As a developer I'm not looking for anything more here than the "News", "Show",
"Ask", "Jobs" features and the insight via the comments.

The UX is the content. Anything more would be fluff. That's not to say that's
bad, but on this site it's unnecessary.

When you look at the source of this it'd be pretty easy to build an app that
grabs it and rewraps it and that could be a fun project.

------
creatornator
I think the simplicity and lack of bloat make it more refreshing than "modern"
UI's, if a little more dated. Also as others have mentioned, there are plenty
of wrappers that add more "material design"-esque skins (I have used
[http://hckrnews.com](http://hckrnews.com))

------
nikhilsaraf9
The commenting experience on mobile left me in pain. That's why I created an
open-source HN app using ReactNative: [https://shn.app.link/HN-
ask1](https://shn.app.link/HN-ask1)

------
humbleMouse
What it really needs is a floating button thing like the reddit app has that
moves the screen to the top of each comment tree.

------
chamoda
I mostly use safari mobile to access HN and I've nothing to complain about.
Links on mobile may not satisfy touch interface standards but oddly I get what
I want most of the time when I hopelessly click.

------
michalpt
HN layout is great.

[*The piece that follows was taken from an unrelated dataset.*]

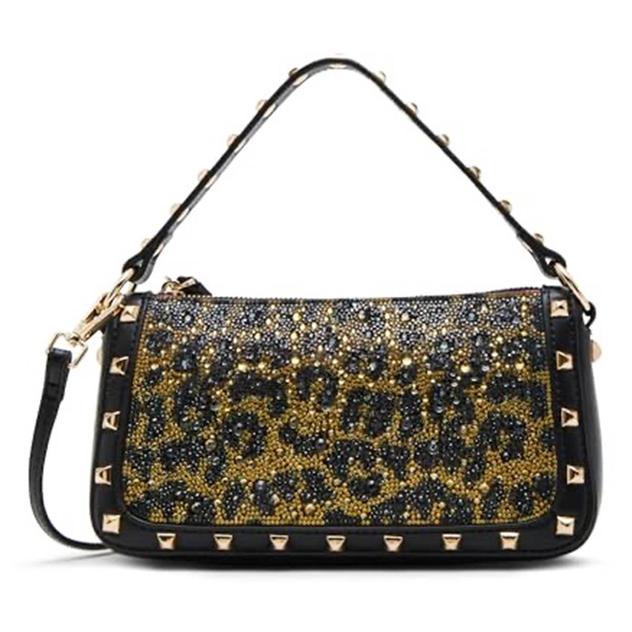 Betsey Johnson Rhinestone Top Zip Shoulder Bag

Much easier to navigate than Reddit for example. I
wouldn’t change a thing.

------
synapse0
HN redesign is a recurring theme but I like it how it is now! (even though 99%
of my HN consumption (I'd say an average 12 hours/week) is from Premii's
android app)

------
muzani
I actually like it this way. I think nested comments are hard to read, but
that's the only problem.

------
romanovcode
No. I think the UI here is good.